Project source: http://code.google.com/p/dbhack1/ or http://dbhack1.googlecode.com/svn/trunk/cdao-api

  • Get your copy of the command-line NeXML validator: nexvl.pl-- they're going fast.
  • Get the Java example code for loading NeXML direct to a triple store (does not use the preprocessing script - porting that to Java is an exercise left to the reader): Loader.java
  • Get the Java example code for comparing model generated from NeXML with existing model for testing (this was a dumb approach as the blank node ids prevent the comparison working but code gives useful examples of how to handle the models and conversions): NeXML2OwlTest.java

There are a number of sample NeXML files here, that "mostly validate" except for recent dict element changes.

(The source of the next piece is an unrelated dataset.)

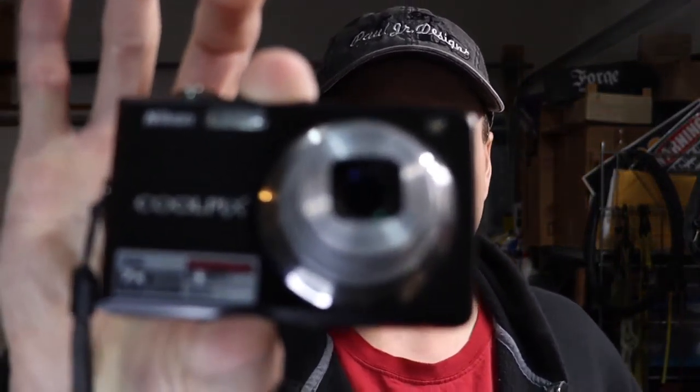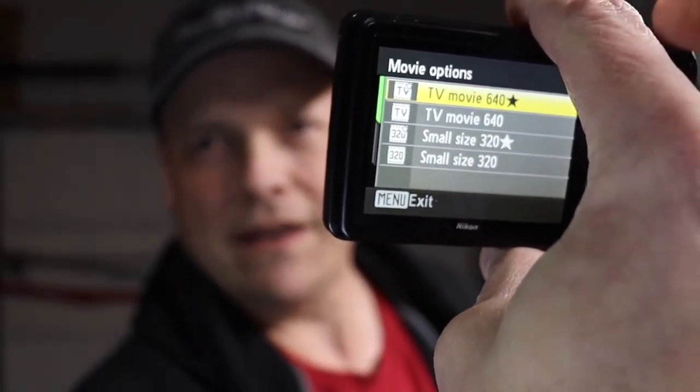The way it's stated on here, it records in 640 — TV640. So this Nikon — you can see the setting on the back — that's the highest setting it's got, or you can go down to 320. So what I want to do real quick is show you what I've done.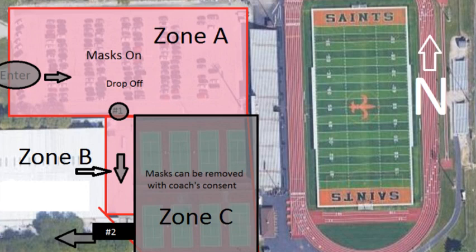This year, there have been three zones designated around the tennis courts. Zone A, also known as the range or where driver's ed takes place during a regular school day, will be our first zone. Entering the tennis courts will occur through the gate connected to Zone A and Zone B. Zone B is normally where our bleachers are next to our tennis courts.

https://www.nescent.org/wg_evoinfo/Phenoscape

the schema: http://nexml-dev.nescent.org/1.0/nexml.xsd (Use dev server for now. --Rvos@interchange.ubc.ca 01:24, 11 March 2009 (EDT))

Chat About OWL

Outcome of the work is that we have two ways of converting NeXML into triples (RDF graphs). One of the conversions binds the triples to the CDAO ontology i.e. it creates objects from NeXML that are CDAO objects. For example CDAO has the notion of an Edge and NeXML has the notion of an edge so instances of CDAO Edges are created to represent the instances of edges in the NeXML file that is parsed.

The other conversion is experimental. It translates the NeXML file in terms of the TDWG TaxonConcept vocabulary. Trees, tree nodes and OTUs are treated as OWL classes subclassing TaxonConcept or each other. i.e. this is a very different approach but maybe useful in comparing trees in NeXML files with existing, synonymised taxonomies. It is slightly easier to make inferences across this subclass hierarchy than the object graph created by the CDAO conversion.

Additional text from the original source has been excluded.